Description
International Booker-nominated satirist GauZ’ returns with a panoramic journey into the colonization of the African interior.
In an attempt to avoid life as a factory worker, Dabilly, a young white man in late nineteenth-century France, seeks colonial adventure in Africa. Still mourning the recent deaths of his parents, he joins a beleaguered French general trying to set up trading routes on the Ivory coast which, in 1880, is still untouched by colonization.
A century later, a young Black boy born to communist parents in Amsterdam starts learning about his heritage. When he arrives in Cote d’Ivoire to visit his grandmother and uncover more about his ancestry, he discovers surprising traces of an ancestor he never knew existed.
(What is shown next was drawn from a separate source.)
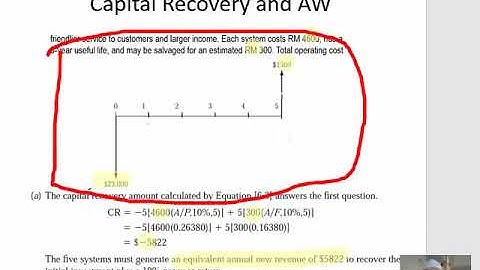 Chapter 5 AW Analysis- Capital Recovery Example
Superimposing these two coming-of-age stories, GauZ’ plunges the reader into the lives of two very different people and reveals the long arc of African colonization. In exuberant and ornate prose, translated by award-winning Frank Wynne, Comrade Papa is a remarkable, enlightening postcolonial consideration of the soul, and what it means to search for fulfillment.
Praise for Standing Heavy
“This book is about the anti-flâneurs: not the rich white men who roam the boulevards of Paris but poorly paid Black men whose jobs require them to stand still. As a security guard, the protagonist of Standing Heavy is invisible but sees everything. Told in a fragmentary style—as if from different camera angles—this is the story of colonialism and consumerism, of the specifics of power, and of the hope of the sixties diminishing as society turns cynical and corrupt.”
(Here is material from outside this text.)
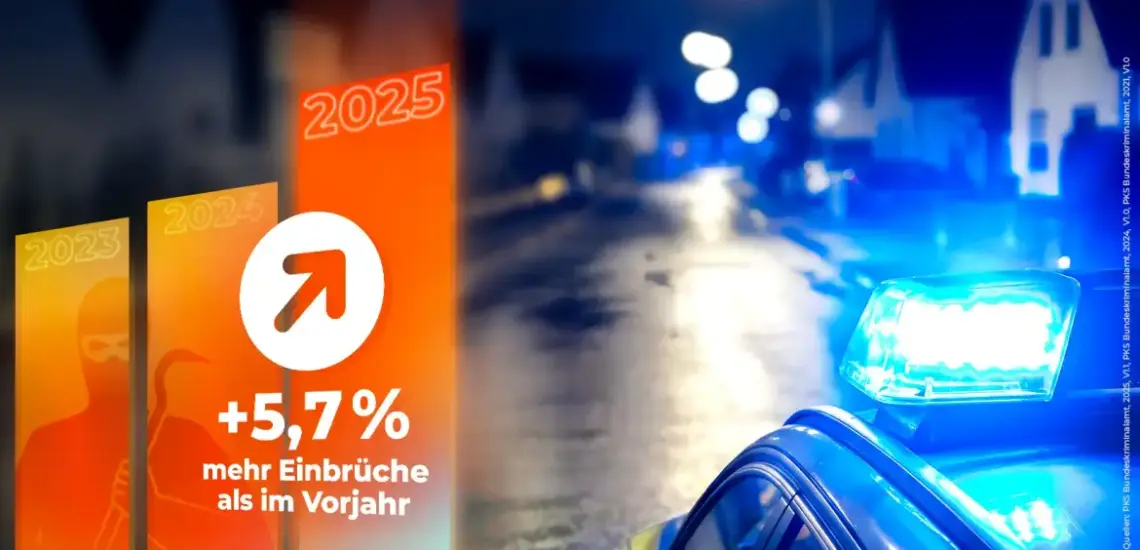 Infra Alarm Alarmanlagen zertifizierter Suritec Partner - Einbruchschutz für Haus NRW PKS 2025 zeigen steigendes Risiko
—International Booker Prize Judges’ citation
“This shrewd, episodic novel stars the security guards of Paris . . . undocumented Ivoirian immigrants whose watchful eyes examine Parisian turmoil over two generations.”
—New York Times
“A spry volume of 167 pages . . . that manages to trade heavily in politics while also sneaking up on your sympathy. I won’t spoil the end, but it startled me in its poignancy.”
—The Walrus
“A cunning observer and a disenchanted protestor, GauZ’ makes shopping an ethnological mine, a priceless sketch and a combat sport.”
—Elle
“This compact, humane satire, deftly translated by Frank Wynne, entertains as much as it informs.”